Trains with faces! Whatever next?

Anyone else noticed the BBC's news kids cartoon called Underground Ernie based on the 'lives' of a group of London Underground trains with human faces and personalities?
Trains? With faces?
Hmm. Sounds familiar. Haven't cartoons about talking trains come a long way since the Rev Wilbert Awdry created Thomas the Tank Engine & Friends more than 50 years ago.*
I bet Thomas never had to deal with the grief and horror of disillusioned Jihadist youths packing ammonium nitrate onto Bertie the Bus's back bench and sending the whole lot to Paradise though. Immigration rules, afterall, were probably quite tight on the Island of Sodor - an altogether more pleasant paradise where locals sipped warm beer at the cricket grounds on long Summer evenings.
Awdry, however, was ahead of his time in at least one respect.
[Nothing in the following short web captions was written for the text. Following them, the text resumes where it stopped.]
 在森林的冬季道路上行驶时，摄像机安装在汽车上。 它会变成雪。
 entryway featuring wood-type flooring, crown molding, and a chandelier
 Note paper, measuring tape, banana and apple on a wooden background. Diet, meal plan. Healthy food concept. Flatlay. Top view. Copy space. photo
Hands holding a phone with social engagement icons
The Sodor Railway Co had four black engines which is four more than Auntie Beeb's Underground Ernie. Granted, they weren't called Jamal or Tyrone, rather Donald, Douglas, Mavis and Diesel, but their presence puts to shame the broadcaster's professed policy of ensuring ethnic representation across it's range of programming.
So far the only non-Anglo-European characters are Osaka, who has a rising sun on his forehead and goes super-duper fast. Then there's Moscow who, you guessed it, hails from Russia. Presumably he is descended from post-war displaced Jewish trains as he has something strapped to his forehead which can only be described as a Star of David.
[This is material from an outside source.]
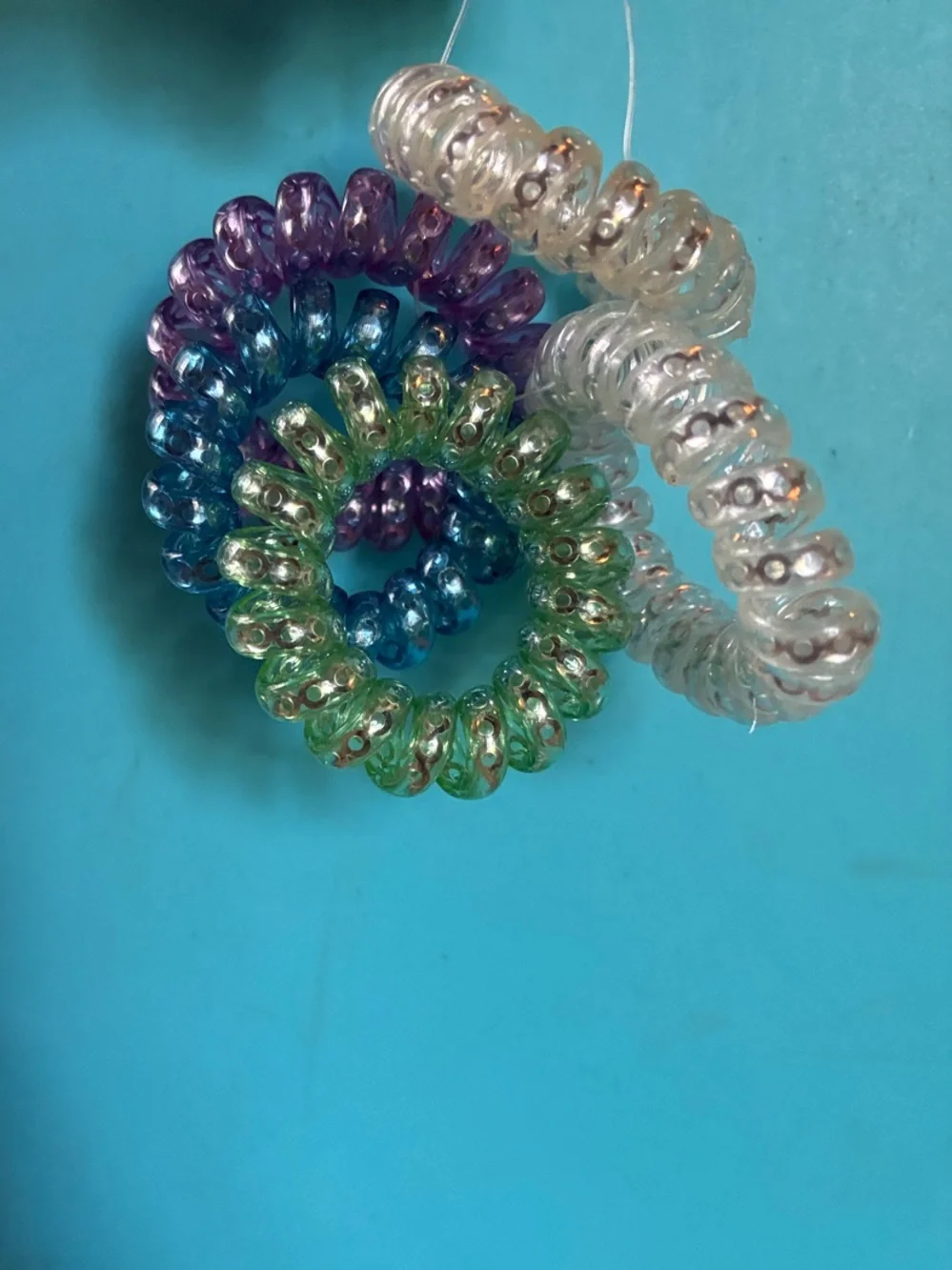 Set of 5 Coiled Hair Ties in Clear, Purple, Blue, Green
Given the conspicuous lack of ethnic minority trains, 16-year-old single-mum trains and right-wing BNP trains, the cast seem only to represent an idealised British middle-class as interpreted by coke-snorting media whores at the Beeb. Having said that, even though none of the trains are openly gay, I have my suspicions about Hammersmith and City.
I could wax lyrical for days about how socially representative (or not) the show really is but many important aspects, like attention to detail, are dazzling. The main characters, for example, are all filthy and covered in graffiti. Honestly. Just like Ken Livingsone's tube trains and ours, here in Glasgow.
Anyway, to save you the hassle and pain of actually watching the programme, I'll describe the cast for you.**
Here goes (the first three are the underground's human staff):
  • Ernie - Underground Supervisor. Used to be a policeman but got kicked off the force for downloading kiddie-porn on a work computer.
  • Millie - IT Expert. Pretty - in a Jessica Rabbit kind of way. Blatant attempt to spark little girls' interest in scientific subjects at school. More likely to spark little boys' interests under the duvet.
  • Mr Rails - Janitor. Village idiot. Only allowed to hang around because noone has the heart to tell him to fuck off.
  • Bakerloo - (pictured left) Flat-cap wearing Northern train who must have come down to London to find work after Thatcher crushed the miners.
  • Circle - Annoying middle-class college drop-out. Outwardly chirpy but probably quite depressed when home alone. One suspects she owns a cat.
  • Hammersmith and City - Both immaculate with trendy specs and fancy hair-dos. One in ten. You decide.
  • Jubilee - (pictured right) Broad grin and dilated pupils are clear indication of heavy recreational drug use.
  • Victoria - (pictured centre) Matriarchal figure now confined to a local authority old trains home. Was forced to sell the council siding she bought off Margaret Thatcher in the 80's to pay for her own care.
  • Brooklyn - Annoying American exchange train. Probably fancies Circle. Won't carry Arabs so it's just as well that in Ernie's London, there are none. "Hell, freedom ain't free folks."
  • Paris - Cheese-eating surrender monkey train. Nuff said.
  • Sydney - Blond Australian backpacker train. Claims to go 'non-stop to the beach'. Other trains wish she would shut the fuck up and go 'non-stop back to Australia', preferrably via Iraq.